How to Watch NASA’s Orion Spacecraft Water Impact Test

NASA recently began performing a series of water impact tests on the crew capsule of its new Orion spacecraft, checking out how the capsule responds to splashing down in a body of water. On Tuesday, the agency will perform another such test and this one will be livestreamed, so you can watch along as it happens.
How to watch the test
The test will take place at 1:45 p.m. EDT (10:45 a.m. PT) on Tuesday, April 6, at NASA’s Langley Research Center’s Landing and Impact Research Facility in Hampton, Virginia.

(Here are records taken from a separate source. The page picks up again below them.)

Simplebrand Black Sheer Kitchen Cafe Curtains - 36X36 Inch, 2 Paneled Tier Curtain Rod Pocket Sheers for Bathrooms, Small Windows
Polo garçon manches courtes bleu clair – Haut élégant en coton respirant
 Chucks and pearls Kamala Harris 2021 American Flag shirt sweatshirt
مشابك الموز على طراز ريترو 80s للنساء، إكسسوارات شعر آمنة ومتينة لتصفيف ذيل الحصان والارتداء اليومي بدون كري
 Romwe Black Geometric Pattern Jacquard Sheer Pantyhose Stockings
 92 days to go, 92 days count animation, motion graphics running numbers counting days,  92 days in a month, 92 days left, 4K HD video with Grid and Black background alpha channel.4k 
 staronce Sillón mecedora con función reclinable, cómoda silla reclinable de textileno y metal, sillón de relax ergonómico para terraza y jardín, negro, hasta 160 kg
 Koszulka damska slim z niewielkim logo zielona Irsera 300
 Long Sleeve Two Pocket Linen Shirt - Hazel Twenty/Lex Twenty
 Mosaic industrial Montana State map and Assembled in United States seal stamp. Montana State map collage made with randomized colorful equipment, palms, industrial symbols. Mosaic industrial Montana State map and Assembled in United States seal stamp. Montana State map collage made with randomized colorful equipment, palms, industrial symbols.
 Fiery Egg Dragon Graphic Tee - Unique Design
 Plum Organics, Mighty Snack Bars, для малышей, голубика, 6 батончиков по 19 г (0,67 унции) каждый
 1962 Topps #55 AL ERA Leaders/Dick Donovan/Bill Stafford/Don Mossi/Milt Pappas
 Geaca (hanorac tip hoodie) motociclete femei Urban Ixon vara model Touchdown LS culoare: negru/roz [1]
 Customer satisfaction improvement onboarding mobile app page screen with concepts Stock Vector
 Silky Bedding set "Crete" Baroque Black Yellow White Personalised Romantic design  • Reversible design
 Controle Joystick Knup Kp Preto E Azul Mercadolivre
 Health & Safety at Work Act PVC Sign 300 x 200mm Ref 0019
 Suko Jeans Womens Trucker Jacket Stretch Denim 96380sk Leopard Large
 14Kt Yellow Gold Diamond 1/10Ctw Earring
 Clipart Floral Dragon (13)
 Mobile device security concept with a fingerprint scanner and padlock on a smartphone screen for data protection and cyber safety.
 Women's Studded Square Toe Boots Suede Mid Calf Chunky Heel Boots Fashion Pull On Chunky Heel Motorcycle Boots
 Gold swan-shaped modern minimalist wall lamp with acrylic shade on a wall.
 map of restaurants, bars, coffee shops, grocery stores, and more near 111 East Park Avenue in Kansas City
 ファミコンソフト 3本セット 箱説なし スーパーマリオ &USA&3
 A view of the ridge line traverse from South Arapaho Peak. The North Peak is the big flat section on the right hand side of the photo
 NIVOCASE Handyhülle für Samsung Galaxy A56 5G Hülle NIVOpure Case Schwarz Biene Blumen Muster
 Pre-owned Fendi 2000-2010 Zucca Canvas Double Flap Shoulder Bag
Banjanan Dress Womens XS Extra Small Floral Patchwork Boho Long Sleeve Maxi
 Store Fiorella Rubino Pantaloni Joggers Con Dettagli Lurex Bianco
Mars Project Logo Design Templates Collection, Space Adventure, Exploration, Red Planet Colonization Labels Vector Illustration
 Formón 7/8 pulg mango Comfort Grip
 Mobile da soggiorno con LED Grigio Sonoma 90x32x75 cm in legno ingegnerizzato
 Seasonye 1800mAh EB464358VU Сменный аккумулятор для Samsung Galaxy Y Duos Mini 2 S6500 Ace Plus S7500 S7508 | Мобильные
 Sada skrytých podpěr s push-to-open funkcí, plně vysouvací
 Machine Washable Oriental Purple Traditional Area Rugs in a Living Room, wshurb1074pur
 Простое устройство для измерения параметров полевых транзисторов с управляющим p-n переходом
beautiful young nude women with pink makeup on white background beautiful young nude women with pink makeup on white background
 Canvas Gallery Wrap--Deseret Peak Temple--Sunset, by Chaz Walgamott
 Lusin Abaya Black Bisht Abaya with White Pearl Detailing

The test will be livestreamed on NASA TV, which you can watch either via the NASA website or using the video embedded above. Coverage will run from 1:45 p.m. ET and will include commentary from two people working on the project: Debbie Korth, Orion Crew and Service Module manager at NASA’s Johnson Space Center, and Jacob Putnam, data analyst at Langley Research Center.
What the test entails
Engineers at NASA’s Langley Research Center in Hampton, Virginia begin a new series of four water impact drop tests with a test version of the capsule for NASA’s Orion spacecraft to better understand what Orion and its crew may experience when landing in the Pacific Ocean after Artemis missions to the Moon. NASA
For the test, the NASA team will drop a 14,000-pound test version of the Orion spacecraft into a specially constructed facility called the Hydro Impact Basin. This huge reservoir is 115 feet long and 90 feet wide and is filled with 1 million gallons of water.
By dropping a test craft that simulates the shape and weight of the final craft into the pool, engineers can see how it will react to its eventual landing in the Pacific Ocean as part of the Artemis mission to the moon.
“This series of drop tests began March 23 to finalize computer models for loads and structures prior to the Artemis II flight test, NASA’s first mission with crew aboard Orion,” NASA writes on its website. “Artemis II will carry astronauts around the Moon and back, paving the way to land the first woman and next man on the lunar surface and establish a sustainable presence at the Moon under the Artemis program. The current test series builds on previous tests and uses a configuration of the crew module based on the spacecraft’s final design.”
Once data from the water impact test has been collected, NASA will have moved one step closer to have Orion ready to fly for its moon mission.